Actually, to be honest, both of them are convenient. You can choose either one according to your use situation. For example, the`alluvial` package is demonstrated below:

``````fly <- flights %>%
filter(dest %in% top_dest & carrier %in% top_carrier) %>%
count(origin, carrier, dest) %>%
mutate(origin = fct_relevel(as.factor(origin), c("EWR","JFK","LGA")))
alluvial(fly %>% select(-n),
freq = fly\$n, border = NA, alpha = 0.5,
col=case_when(fly\$origin == "JFK" ~ "red",
fly\$origin == "EWR" ~ "blue",
TRUE ~ "orange"),
cex = 0.75,
axis_labels = c("Origin", "Carrier", "Destination"))``````

The detailed usages can be found in this web (https://github.com/mbojan/alluvial).

If you would like to own more customized adjustments, maybe the `ggsankey` is better. As it’s a ggplot2 extension, which has enough functions for modification following your thoughts.

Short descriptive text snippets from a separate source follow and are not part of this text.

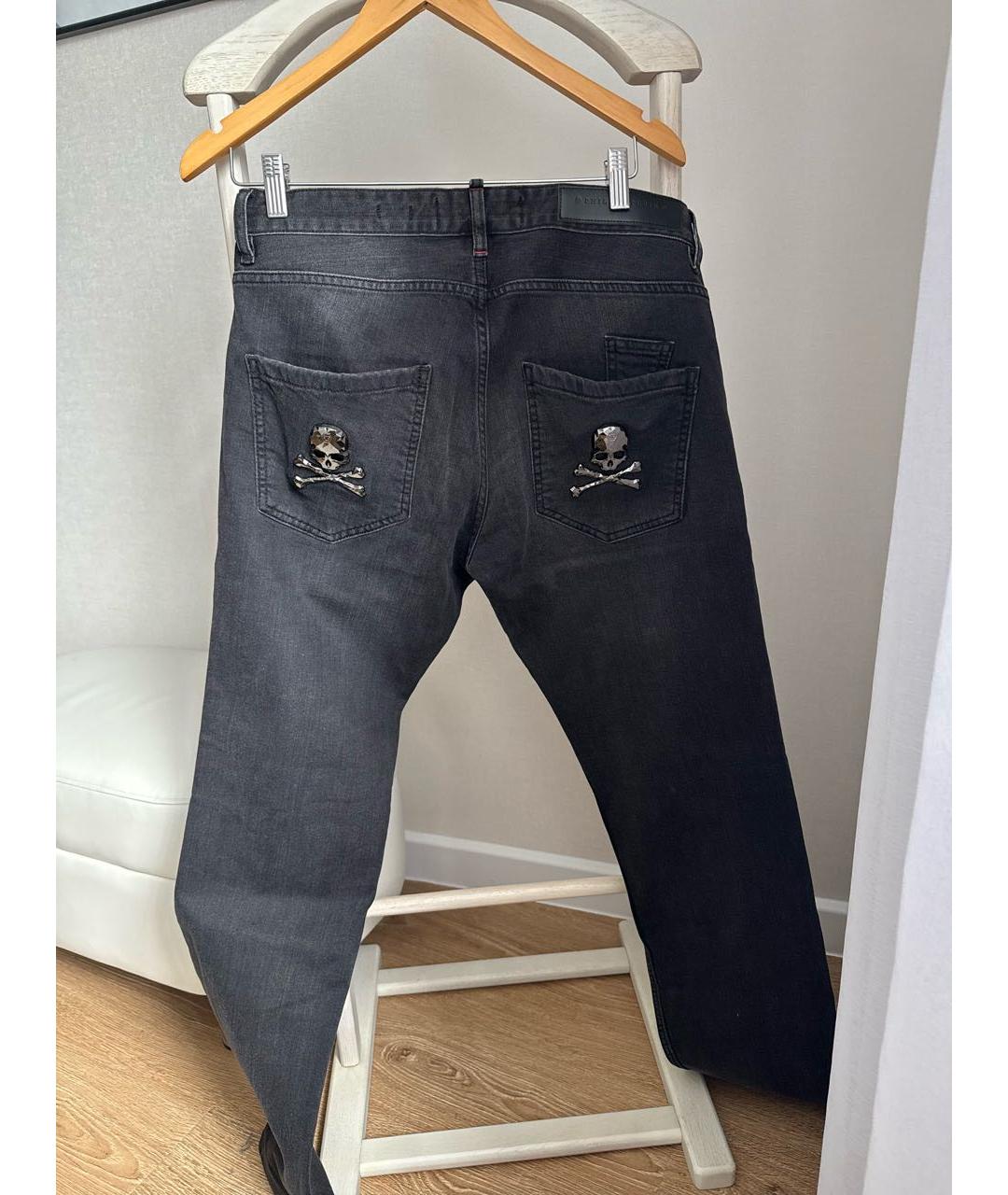 PHILIPP PLEIN Антрацитовые хлопковые джинсы скинни, фото 2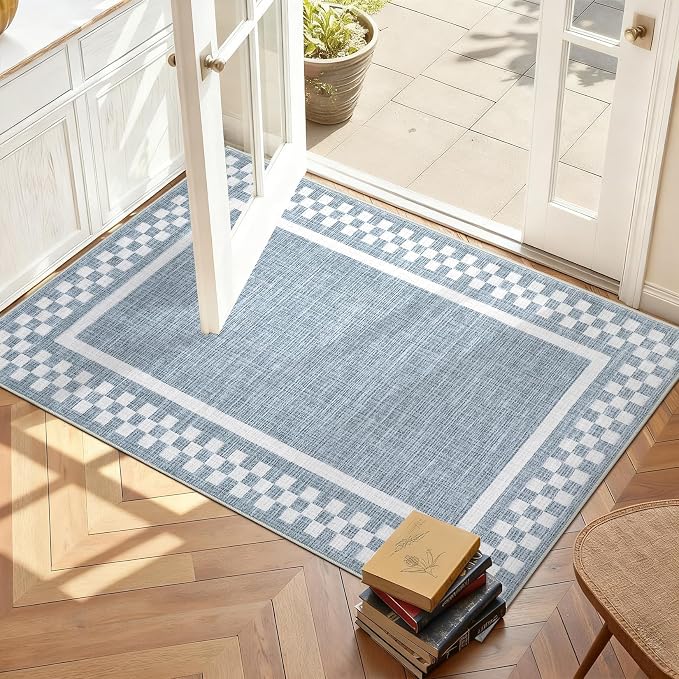 Small Area Rug 2x3 Modern Checkered Entry Rug Solid Color Scalloped Kitchen - Image 7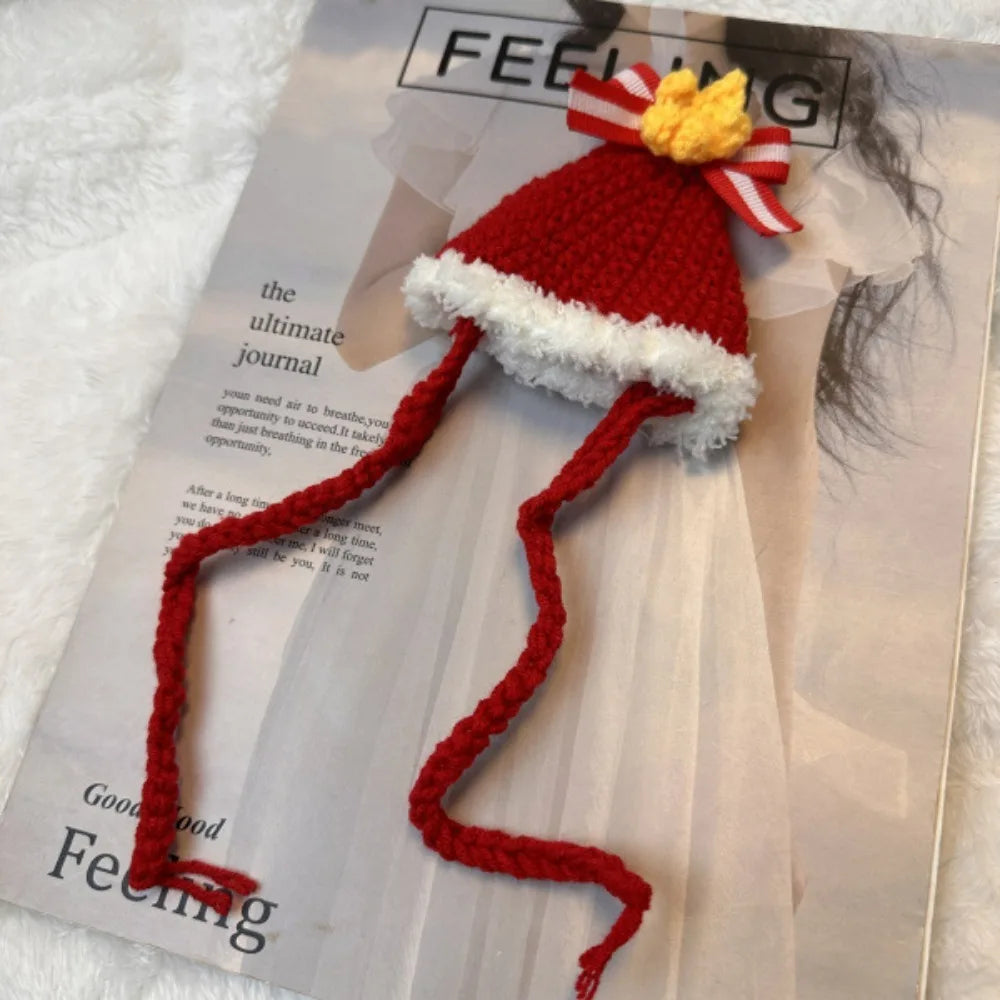 Crocheted Hat and Scarf with White Outline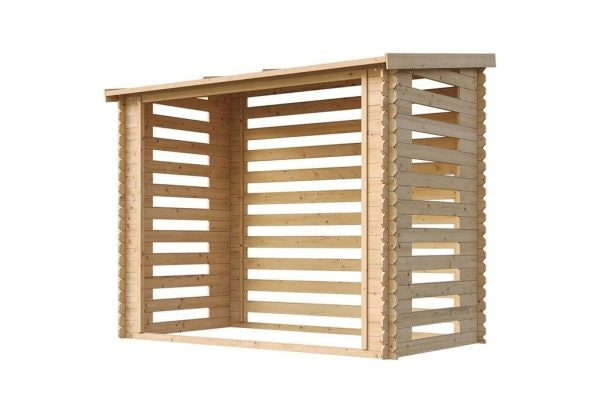 Abri bûches + remise fermée en bois brut – 3,5 x 1,3 m – Hauteur 2 m – Timbela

We still don’t need to take much time to transform data because `ggalluvial` also has a very convenient function to do the same procedure as `make_long()` in `ggsankey`. If your data is in a “wide” format , like the flight dataset, the `to_lodes_form()` function will help you easily.

``````fly <- flights %>%
filter(dest %in% top_dest & carrier %in% top_carrier) %>%
count(origin, carrier, dest) %>%
mutate(
origin = fct_relevel(as.factor(origin), c("LGA", "EWR","JFK")),
col = origin
) %>%
ggalluvial::to_lodes_form(key = type, axes = c("origin", "carrier", "dest"))
ggplot(data = fly, aes(x = type, stratum = stratum, alluvium = alluvium, y = n)) +
# geom_lode(width = 1/6) +
geom_flow(aes(fill = col), width = 1/6, color = "darkgray",
curve_type = "cubic") +
# geom_alluvium(aes(fill = stratum)) +
geom_stratum(color = "grey", width = 1/6) +
geom_label(stat = "stratum", aes(label = after_stat(stratum))) +
theme(
panel.background = element_blank(),
axis.text.y = element_blank(),
axis.text.x = element_text(size = 15, face = "bold"),
axis.title = element_blank(),
axis.ticks = element_blank(),
legend.position = "none"
) +
scale_fill_viridis_d()``````
The `geom_alluvium()` is a bit different to `geom_flow()`, which is chosen to use depending on the type of dataset you provide and the purpose you want to demonstrate.